[Stored data entries]
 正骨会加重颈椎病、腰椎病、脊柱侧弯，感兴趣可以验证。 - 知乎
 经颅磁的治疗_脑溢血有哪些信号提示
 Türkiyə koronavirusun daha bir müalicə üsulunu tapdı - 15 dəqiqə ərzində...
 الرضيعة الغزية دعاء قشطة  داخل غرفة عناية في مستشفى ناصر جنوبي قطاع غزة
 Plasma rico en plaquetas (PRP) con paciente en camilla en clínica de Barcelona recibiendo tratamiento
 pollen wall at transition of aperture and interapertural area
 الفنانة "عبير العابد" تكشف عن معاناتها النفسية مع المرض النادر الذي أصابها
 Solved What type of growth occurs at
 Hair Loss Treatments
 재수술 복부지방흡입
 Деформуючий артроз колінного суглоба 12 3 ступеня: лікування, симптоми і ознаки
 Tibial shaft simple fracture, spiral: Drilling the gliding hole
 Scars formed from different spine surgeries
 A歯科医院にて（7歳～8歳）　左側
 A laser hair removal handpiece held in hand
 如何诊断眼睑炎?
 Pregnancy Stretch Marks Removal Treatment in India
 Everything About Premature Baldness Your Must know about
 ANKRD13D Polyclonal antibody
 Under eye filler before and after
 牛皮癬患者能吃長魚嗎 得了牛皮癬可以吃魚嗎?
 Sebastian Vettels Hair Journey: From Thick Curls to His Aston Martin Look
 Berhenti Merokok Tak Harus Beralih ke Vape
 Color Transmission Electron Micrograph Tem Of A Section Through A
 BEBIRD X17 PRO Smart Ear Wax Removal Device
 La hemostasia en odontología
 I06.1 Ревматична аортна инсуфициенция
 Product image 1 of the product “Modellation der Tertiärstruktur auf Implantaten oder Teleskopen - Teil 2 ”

● **TASK OBJECTIVE**
Retype exactly, please, only the lines of the entries that run from the one containing "牛皮癬患者能吃長魚嗎 得了牛皮癬可以吃魚嗎?" to the last.

● **OUTPUT OF THE TASK**
 牛皮癬患者能吃長魚嗎 得了牛皮癬可以吃魚嗎?
 Sebastian Vettels Hair Journey: From Thick Curls to His Aston Martin Look
 Berhenti Merokok Tak Harus Beralih ke Vape
 Color Transmission Electron Micrograph Tem Of A Section Through A
 BEBIRD X17 PRO Smart Ear Wax Removal Device
 La hemostasia en odontología
 I06.1 Ревматична аортна инсуфициенция
 Product image 1 of the product “Modellation der Tertiärstruktur auf Implantaten oder Teleskopen - Teil 2 ”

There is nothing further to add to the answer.